[Entries supplied Boundary: Start]

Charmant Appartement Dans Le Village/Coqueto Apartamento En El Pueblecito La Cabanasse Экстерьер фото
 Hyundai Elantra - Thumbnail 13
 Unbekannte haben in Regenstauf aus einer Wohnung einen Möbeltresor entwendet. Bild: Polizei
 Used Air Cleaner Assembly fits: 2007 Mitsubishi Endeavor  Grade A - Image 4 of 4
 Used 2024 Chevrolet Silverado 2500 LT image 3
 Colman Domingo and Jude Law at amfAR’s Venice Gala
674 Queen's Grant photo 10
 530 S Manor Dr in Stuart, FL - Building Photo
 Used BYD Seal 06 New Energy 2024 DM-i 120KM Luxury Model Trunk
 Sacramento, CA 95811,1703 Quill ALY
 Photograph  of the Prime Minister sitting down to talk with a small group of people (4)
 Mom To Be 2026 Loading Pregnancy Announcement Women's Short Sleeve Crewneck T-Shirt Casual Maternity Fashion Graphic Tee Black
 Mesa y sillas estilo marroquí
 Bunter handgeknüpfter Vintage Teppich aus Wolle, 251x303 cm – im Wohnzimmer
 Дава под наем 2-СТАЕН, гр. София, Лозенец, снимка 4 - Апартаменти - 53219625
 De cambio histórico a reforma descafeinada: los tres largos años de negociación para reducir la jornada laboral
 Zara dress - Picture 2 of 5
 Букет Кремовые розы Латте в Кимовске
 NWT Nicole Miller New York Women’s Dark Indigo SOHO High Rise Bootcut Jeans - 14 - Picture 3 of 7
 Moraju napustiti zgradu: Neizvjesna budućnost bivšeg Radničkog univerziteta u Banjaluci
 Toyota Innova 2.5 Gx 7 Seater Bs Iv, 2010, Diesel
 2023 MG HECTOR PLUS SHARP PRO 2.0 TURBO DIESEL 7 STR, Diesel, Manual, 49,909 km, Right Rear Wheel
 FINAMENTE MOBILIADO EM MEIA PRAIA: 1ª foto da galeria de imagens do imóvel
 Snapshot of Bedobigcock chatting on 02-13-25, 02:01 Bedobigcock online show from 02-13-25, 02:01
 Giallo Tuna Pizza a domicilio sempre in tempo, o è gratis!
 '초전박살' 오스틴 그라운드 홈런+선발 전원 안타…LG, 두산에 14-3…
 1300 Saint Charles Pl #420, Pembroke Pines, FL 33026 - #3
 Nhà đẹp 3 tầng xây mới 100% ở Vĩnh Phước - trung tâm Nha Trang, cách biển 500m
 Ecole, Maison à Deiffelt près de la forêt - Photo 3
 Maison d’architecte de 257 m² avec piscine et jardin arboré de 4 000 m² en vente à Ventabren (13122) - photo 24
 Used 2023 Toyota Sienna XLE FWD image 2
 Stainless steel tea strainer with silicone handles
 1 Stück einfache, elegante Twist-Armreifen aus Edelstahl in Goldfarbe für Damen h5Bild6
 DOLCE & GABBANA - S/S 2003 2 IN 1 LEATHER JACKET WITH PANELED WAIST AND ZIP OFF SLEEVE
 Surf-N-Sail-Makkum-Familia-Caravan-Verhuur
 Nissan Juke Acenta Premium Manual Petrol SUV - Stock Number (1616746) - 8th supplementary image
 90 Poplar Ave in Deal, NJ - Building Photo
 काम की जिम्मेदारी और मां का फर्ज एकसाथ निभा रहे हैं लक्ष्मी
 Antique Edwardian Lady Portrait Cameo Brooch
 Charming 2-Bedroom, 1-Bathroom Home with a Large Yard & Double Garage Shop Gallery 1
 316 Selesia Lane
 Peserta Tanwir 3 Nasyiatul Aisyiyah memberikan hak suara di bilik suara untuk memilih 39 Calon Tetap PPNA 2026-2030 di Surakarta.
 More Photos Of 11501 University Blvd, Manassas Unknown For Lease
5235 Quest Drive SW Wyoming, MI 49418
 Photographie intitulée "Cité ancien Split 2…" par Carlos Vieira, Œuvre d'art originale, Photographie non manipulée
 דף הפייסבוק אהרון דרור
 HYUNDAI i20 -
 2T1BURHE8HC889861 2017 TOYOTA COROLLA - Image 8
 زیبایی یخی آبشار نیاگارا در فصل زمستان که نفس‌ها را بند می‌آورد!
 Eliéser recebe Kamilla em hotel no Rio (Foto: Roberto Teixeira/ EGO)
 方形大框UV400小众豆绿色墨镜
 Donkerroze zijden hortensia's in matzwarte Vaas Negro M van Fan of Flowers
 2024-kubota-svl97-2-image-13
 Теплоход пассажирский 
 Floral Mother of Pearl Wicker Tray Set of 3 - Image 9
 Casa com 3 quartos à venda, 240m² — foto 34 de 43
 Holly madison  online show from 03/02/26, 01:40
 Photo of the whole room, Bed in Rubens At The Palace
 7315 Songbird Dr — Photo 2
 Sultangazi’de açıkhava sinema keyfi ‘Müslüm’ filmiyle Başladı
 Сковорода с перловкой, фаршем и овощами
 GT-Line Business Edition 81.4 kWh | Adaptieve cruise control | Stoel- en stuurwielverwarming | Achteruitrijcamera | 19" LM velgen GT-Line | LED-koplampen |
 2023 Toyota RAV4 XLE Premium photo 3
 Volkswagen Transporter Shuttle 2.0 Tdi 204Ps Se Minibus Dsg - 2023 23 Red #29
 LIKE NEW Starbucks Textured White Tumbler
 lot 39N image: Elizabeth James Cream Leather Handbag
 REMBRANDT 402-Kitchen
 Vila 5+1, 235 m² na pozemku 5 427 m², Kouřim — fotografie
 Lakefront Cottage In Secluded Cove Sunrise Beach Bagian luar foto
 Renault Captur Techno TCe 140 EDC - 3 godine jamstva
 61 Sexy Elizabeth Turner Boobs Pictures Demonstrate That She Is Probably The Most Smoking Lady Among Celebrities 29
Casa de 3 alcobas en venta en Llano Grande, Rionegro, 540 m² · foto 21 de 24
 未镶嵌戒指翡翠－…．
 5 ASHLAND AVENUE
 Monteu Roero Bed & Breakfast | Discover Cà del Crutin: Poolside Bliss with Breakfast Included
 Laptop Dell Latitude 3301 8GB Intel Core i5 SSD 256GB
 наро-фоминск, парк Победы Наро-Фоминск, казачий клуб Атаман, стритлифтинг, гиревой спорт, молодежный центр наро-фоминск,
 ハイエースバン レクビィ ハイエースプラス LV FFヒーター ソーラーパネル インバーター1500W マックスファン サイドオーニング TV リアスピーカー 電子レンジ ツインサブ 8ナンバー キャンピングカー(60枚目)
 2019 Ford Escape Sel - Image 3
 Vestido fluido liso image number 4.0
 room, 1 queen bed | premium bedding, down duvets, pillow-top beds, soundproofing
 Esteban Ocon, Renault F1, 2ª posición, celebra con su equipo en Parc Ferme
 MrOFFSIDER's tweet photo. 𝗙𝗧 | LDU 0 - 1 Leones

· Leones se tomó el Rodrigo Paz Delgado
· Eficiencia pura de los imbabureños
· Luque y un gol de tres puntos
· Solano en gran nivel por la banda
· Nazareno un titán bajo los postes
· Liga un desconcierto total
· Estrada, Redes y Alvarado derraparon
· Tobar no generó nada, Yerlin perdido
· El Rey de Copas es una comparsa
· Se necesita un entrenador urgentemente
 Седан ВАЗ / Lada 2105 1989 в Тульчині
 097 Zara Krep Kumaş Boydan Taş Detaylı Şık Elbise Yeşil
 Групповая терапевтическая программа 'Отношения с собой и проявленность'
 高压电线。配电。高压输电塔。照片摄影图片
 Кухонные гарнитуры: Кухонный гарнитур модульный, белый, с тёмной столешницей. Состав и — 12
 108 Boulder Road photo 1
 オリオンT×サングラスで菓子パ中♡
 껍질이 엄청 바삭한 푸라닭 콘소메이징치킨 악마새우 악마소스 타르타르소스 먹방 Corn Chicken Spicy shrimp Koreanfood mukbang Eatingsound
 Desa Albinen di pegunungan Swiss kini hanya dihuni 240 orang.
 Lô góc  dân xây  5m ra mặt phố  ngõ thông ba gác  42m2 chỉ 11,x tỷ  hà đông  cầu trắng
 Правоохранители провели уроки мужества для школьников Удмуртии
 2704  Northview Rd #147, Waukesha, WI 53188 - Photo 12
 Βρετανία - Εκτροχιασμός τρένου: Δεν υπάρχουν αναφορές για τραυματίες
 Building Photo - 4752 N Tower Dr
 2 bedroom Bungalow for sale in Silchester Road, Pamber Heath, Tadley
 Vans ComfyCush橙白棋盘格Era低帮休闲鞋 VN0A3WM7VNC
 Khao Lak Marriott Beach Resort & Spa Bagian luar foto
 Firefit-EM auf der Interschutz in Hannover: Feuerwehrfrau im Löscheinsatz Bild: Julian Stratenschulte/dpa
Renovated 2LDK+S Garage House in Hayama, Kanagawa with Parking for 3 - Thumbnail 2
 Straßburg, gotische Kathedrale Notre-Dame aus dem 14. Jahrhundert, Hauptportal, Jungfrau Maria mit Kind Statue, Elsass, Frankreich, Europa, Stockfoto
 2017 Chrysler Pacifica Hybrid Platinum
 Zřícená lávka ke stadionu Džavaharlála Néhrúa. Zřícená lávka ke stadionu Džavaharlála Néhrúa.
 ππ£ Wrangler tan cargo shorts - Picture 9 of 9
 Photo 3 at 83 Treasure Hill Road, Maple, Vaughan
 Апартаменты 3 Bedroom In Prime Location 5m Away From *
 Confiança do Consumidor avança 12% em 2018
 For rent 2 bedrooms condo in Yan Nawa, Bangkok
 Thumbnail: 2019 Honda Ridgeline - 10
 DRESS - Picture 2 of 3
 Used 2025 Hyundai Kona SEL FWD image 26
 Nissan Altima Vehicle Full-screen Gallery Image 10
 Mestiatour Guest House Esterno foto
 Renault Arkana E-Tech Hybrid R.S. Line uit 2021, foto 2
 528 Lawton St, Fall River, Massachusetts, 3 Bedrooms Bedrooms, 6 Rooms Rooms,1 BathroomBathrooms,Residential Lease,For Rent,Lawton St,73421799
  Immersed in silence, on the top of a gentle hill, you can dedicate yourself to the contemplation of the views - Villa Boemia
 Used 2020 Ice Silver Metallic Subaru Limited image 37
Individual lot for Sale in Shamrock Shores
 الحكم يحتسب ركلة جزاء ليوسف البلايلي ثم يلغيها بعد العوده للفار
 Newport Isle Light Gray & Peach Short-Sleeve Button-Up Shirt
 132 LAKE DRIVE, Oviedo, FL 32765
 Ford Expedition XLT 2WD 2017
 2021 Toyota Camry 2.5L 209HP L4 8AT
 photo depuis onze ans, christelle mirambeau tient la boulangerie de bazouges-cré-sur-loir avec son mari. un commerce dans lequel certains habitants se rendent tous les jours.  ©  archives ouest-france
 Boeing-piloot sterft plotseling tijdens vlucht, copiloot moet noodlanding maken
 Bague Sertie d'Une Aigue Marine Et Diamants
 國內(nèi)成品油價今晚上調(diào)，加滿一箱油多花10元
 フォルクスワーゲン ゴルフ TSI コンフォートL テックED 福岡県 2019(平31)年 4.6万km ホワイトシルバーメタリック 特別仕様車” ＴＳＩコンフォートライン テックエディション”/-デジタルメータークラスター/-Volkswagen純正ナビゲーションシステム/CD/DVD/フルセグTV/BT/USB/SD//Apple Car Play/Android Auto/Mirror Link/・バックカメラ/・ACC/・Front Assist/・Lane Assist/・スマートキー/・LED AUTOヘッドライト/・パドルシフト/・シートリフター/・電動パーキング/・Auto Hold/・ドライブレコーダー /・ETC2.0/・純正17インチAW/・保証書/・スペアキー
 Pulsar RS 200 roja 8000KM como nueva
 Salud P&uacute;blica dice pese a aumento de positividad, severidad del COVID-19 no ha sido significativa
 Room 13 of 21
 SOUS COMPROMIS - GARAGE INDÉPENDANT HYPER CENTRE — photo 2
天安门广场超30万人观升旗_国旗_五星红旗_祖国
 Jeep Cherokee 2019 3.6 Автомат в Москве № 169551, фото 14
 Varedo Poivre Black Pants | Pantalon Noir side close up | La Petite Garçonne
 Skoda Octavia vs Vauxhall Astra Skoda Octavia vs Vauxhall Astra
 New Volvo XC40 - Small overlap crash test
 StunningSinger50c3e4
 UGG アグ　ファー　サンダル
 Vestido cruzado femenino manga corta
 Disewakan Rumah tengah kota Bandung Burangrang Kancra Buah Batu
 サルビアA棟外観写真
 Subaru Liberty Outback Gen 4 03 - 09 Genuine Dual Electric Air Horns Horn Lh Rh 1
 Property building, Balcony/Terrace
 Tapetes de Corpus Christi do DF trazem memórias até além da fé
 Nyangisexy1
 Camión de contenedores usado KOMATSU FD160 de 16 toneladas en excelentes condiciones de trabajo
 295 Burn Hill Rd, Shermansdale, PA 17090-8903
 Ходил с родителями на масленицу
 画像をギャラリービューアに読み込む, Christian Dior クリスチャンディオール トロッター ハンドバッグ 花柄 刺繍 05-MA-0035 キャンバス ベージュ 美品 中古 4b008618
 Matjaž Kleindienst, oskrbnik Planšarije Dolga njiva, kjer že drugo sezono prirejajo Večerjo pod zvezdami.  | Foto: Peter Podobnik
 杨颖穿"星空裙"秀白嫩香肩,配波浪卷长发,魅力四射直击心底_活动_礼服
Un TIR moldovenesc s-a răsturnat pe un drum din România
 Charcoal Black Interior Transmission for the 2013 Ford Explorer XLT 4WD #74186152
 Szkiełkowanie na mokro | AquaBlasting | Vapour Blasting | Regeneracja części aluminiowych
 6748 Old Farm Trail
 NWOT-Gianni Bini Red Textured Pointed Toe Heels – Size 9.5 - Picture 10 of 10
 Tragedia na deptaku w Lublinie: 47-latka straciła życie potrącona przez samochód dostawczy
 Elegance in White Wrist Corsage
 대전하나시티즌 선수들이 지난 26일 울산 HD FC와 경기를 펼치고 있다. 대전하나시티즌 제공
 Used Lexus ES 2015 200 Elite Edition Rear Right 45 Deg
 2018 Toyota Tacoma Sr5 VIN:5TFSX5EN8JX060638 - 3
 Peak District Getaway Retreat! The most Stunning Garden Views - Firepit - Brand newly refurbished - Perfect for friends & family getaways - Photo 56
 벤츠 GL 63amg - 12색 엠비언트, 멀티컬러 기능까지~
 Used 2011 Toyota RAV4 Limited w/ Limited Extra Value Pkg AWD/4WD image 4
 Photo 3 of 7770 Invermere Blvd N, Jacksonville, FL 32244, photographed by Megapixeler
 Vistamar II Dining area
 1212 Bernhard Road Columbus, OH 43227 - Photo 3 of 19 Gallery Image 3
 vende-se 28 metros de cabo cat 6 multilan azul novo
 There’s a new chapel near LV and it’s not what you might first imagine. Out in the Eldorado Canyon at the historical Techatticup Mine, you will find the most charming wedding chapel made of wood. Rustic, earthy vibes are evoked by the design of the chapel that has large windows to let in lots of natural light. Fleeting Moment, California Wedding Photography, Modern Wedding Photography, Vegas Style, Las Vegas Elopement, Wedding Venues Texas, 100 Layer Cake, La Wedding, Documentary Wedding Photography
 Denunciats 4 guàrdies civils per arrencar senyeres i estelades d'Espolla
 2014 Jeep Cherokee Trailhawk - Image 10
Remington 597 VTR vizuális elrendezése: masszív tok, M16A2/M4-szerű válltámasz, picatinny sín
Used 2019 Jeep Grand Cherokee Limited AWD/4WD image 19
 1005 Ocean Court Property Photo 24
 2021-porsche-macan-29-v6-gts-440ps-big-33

[Entries supplied Boundary: End]

## [What to produce]
The expected answer is a number and nothing else: how many lines above include the word "Women".

## [Output for this exercise]
2